The adoption of the new rules for resource extraction companies by the U.S. Securities and Exchange Commission (SEC) are a welcome initiative and will prove to be a boon for organisations like the Kenya Civil Society Platform on Oil and Gas (KCSPOG) as we continue to carry out our mandate of increasing access to information. This shall in turn improve transparency and accountability of the Government of Kenya to its citizens. The new rules, mandated by the Dodd-Frank Wall Street Reform and Consumer Protection Act, require oil, mining and gas companies to disclose payments made to the government for the commercial development of oil, natural gas or minerals. The payments to government that must be disclosed include taxes, royalties, fees (including licence fees), production entitlements, bonuses, dividends, payments for infrastructure improvements and, if required by law or contract, community and social responsibility payments. The companies are also required to file annual reports with the commission under the Securities Exchange Act. These new rules are intended to promote greater transparency about payments related to resource extraction.

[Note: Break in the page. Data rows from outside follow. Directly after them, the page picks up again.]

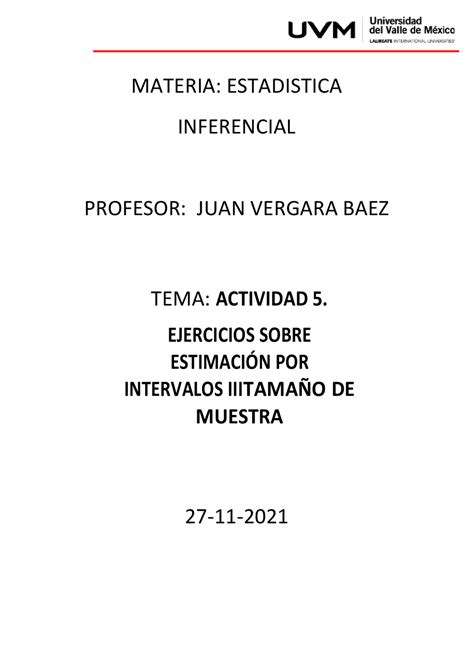 Actividd 5 Estadistica Inferencial Ejercicios De Estadística Docsity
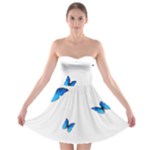 Butterfly-blue-phengaris Strapless Bra Top Dress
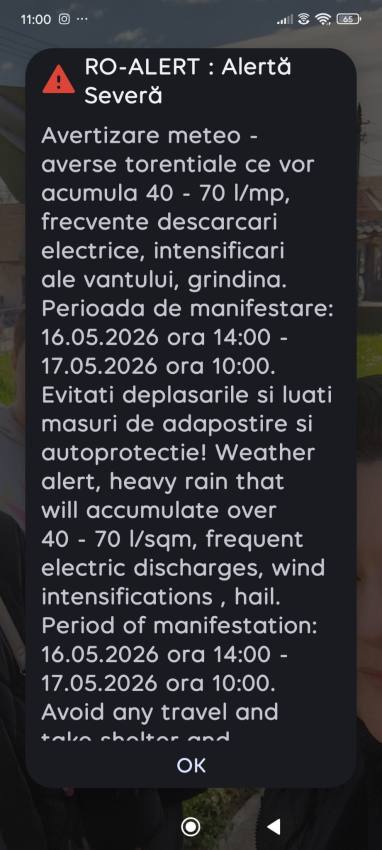 WhatsApp Image 2026 05 16 at 10.00.42 1 - Argeșul se află sub cod portocaliu de vreme rea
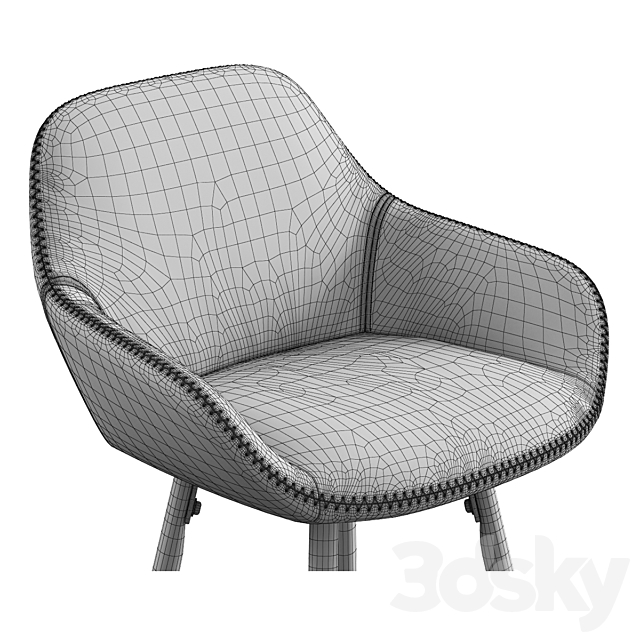 Rockett St George _ Faux Leather Bar Chair 3DSMax File - thumbnail 3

The Kenya Civil Society Platform on Oil and Gas has long called for the disclosure of not only contracts but also payments made by companies to the government. We hope that the new rules by the SEC will go a long way in promoting transparency and accountability and a significant step towards curbing corruption in both the extractives industry and the government. These increased levels of transparency allow for a number of things: 1. Reduced information asymmetry as information regarding payments is made accessible to the public, both companies and the government are discouraged from malfeasance; 2. it will be a crucial tool towards deterrence of tax avoidance. 3. The raising of questions by civil society and citizens as to how the revenues being received by government are being utilised on both the national and county level (sub national); 4. The ability to raise questions also works to improve governance as officials are held responsible for the management of the monies received putting the national and county governments under increased scrutiny 5. Reduce the vulnerability of the extractive sector to tax evasion strategies.
In April 2016 the platform released its Potential Revenues from Turkana Oil report, the report indicates that annual receipts could range from USD 800 Million to as much as USD 3 billion. Increased disclosure in the oil and gas sector will help increase accountability by allowing Residents of oil producing areas to raise questions about how oil revenues are being used to contribute to the socio-economic development of their country especially in relation to the negative impacts associated with the extraction of oil on their environment and community.
These new rules shall cover companies operating in Kenya including Anadarko operating offshore, Camac (now Erin energy) in Block L1B, L27 and L28 and ERHC operating in Block 11 A in Turkana.
KCSPOG remains committed in mobilising and engaging civil society and citizens in ensuring the oil revenues are accounted for and contribute to the ongoing poverty reduction efforts and the sustainable development of the country.